= SUPPLIED ENTRIES =
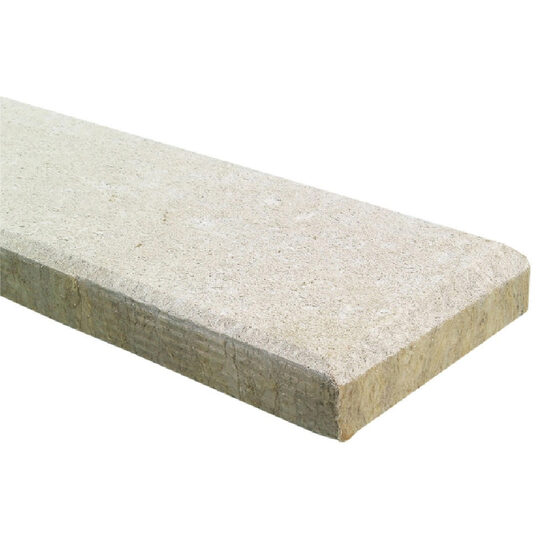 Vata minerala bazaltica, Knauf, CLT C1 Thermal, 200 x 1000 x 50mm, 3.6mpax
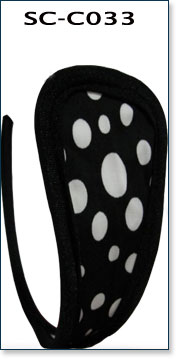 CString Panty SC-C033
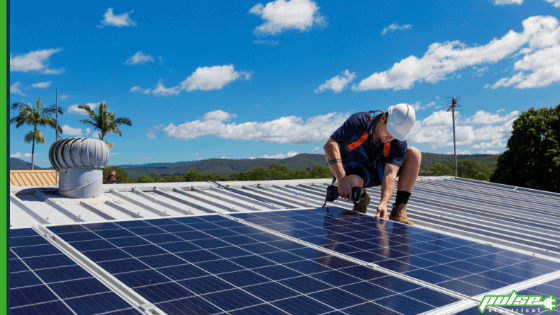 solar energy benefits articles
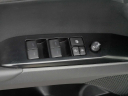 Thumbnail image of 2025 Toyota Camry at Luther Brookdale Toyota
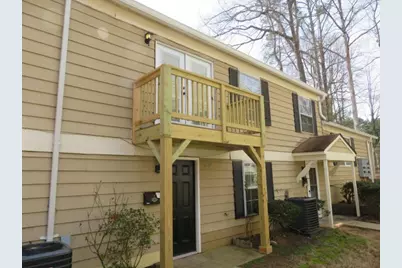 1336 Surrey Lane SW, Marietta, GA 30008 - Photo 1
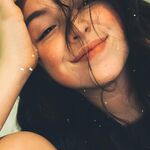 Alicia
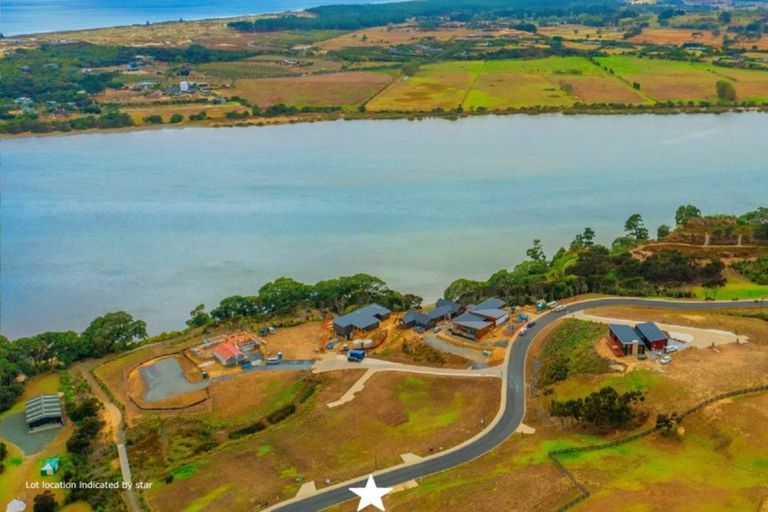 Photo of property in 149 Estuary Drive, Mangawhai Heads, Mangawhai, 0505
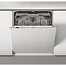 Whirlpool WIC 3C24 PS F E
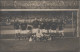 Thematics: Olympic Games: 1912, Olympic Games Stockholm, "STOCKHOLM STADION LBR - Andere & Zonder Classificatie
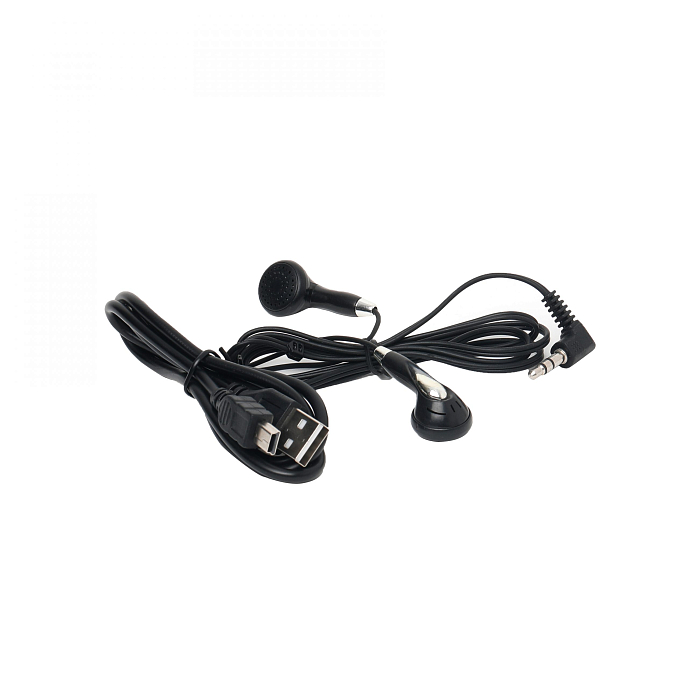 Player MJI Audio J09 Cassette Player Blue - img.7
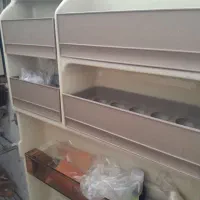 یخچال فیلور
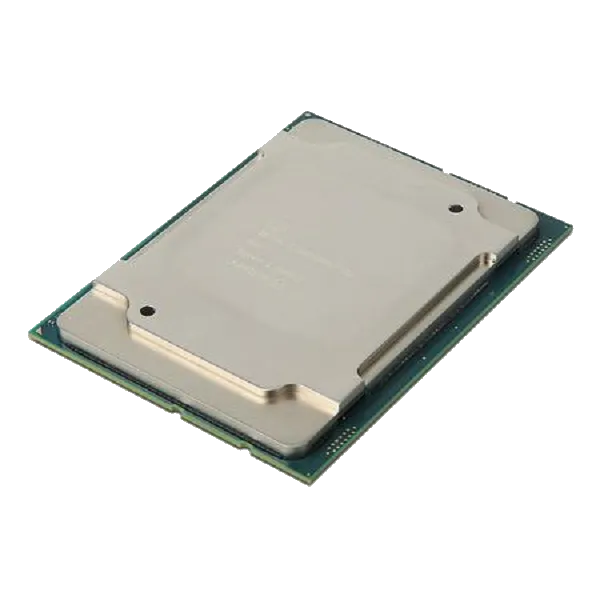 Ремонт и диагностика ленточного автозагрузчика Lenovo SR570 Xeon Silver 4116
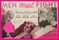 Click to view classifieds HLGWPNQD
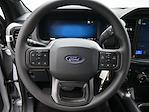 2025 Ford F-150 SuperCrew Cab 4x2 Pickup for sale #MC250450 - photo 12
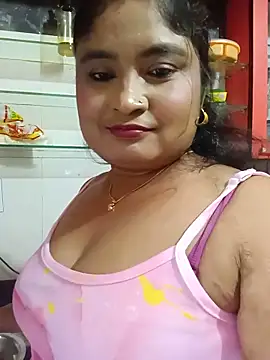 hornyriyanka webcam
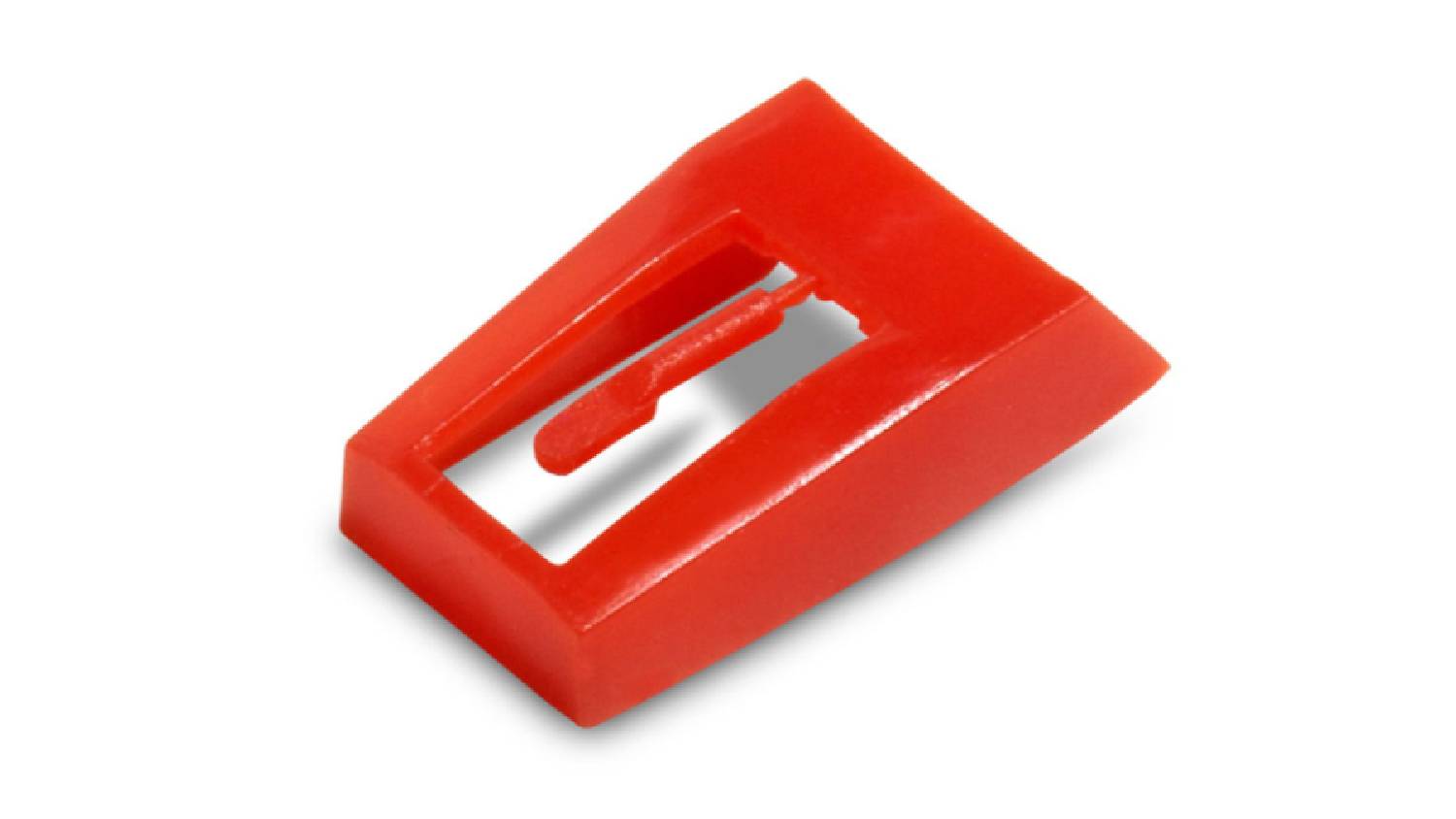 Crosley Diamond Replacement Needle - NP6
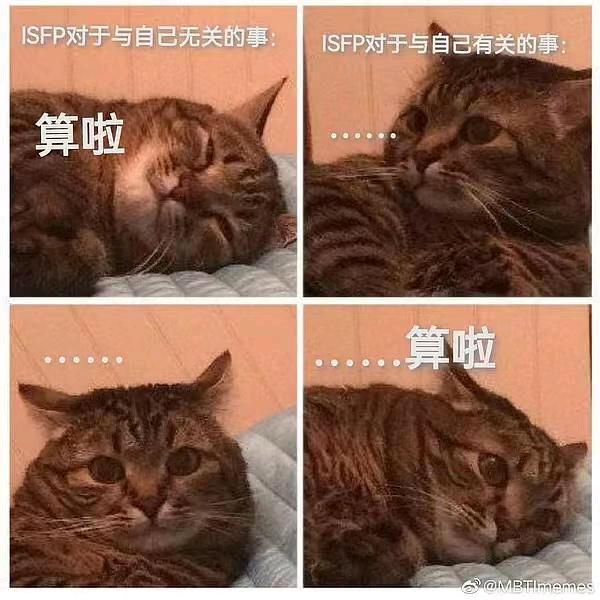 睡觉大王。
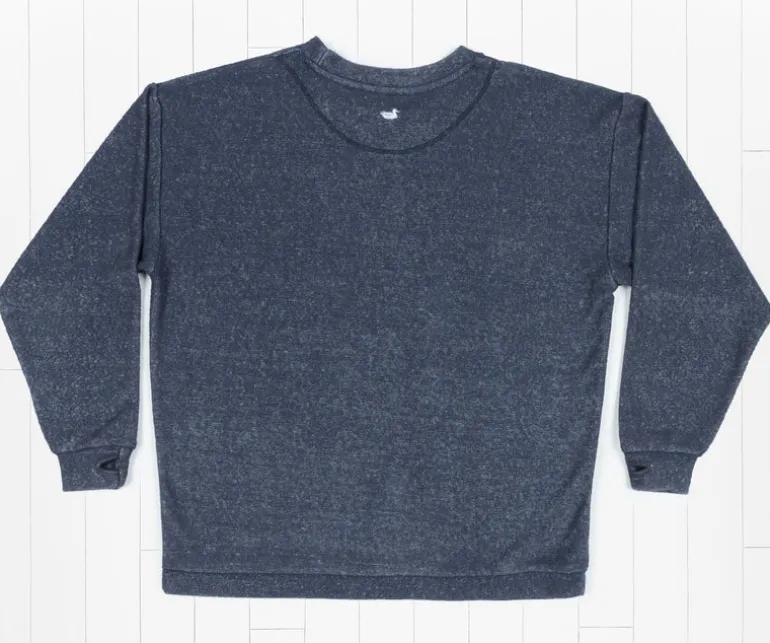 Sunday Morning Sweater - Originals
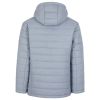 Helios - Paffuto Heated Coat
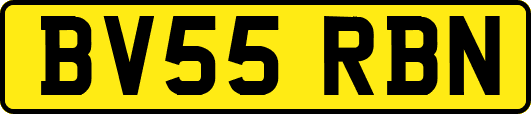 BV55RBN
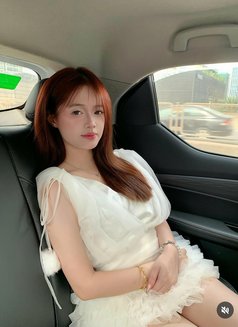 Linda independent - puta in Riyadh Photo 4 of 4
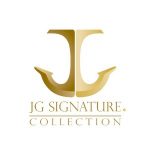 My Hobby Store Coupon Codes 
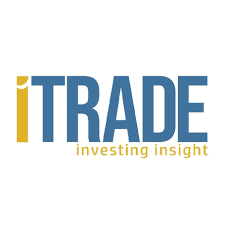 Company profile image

= PROBLEM =
Return exactly the lines of the data, beginning with the first and ending with the line containing "hornyriyanka webcam". Skip the pictures.

= WRITTEN RESPONSE =
 Vata minerala bazaltica, Knauf, CLT C1 Thermal, 200 x 1000 x 50mm, 3.6mpax
 CString Panty SC-C033
 solar energy benefits articles
 Thumbnail image of 2025 Toyota Camry at Luther Brookdale Toyota
 1336 Surrey Lane SW, Marietta, GA 30008 - Photo 1
 Alicia
 Photo of property in 149 Estuary Drive, Mangawhai Heads, Mangawhai, 0505
 Whirlpool WIC 3C24 PS F E
 Thematics: Olympic Games: 1912, Olympic Games Stockholm, "STOCKHOLM STADION LBR - Andere & Zonder Classificatie
 Player MJI Audio J09 Cassette Player Blue - img.7
 یخچال فیلور
 Ремонт и диагностика ленточного автозагрузчика Lenovo SR570 Xeon Silver 4116
 Click to view classifieds HLGWPNQD
 2025 Ford F-150 SuperCrew Cab 4x2 Pickup for sale #MC250450 - photo 12
 hornyriyanka webcam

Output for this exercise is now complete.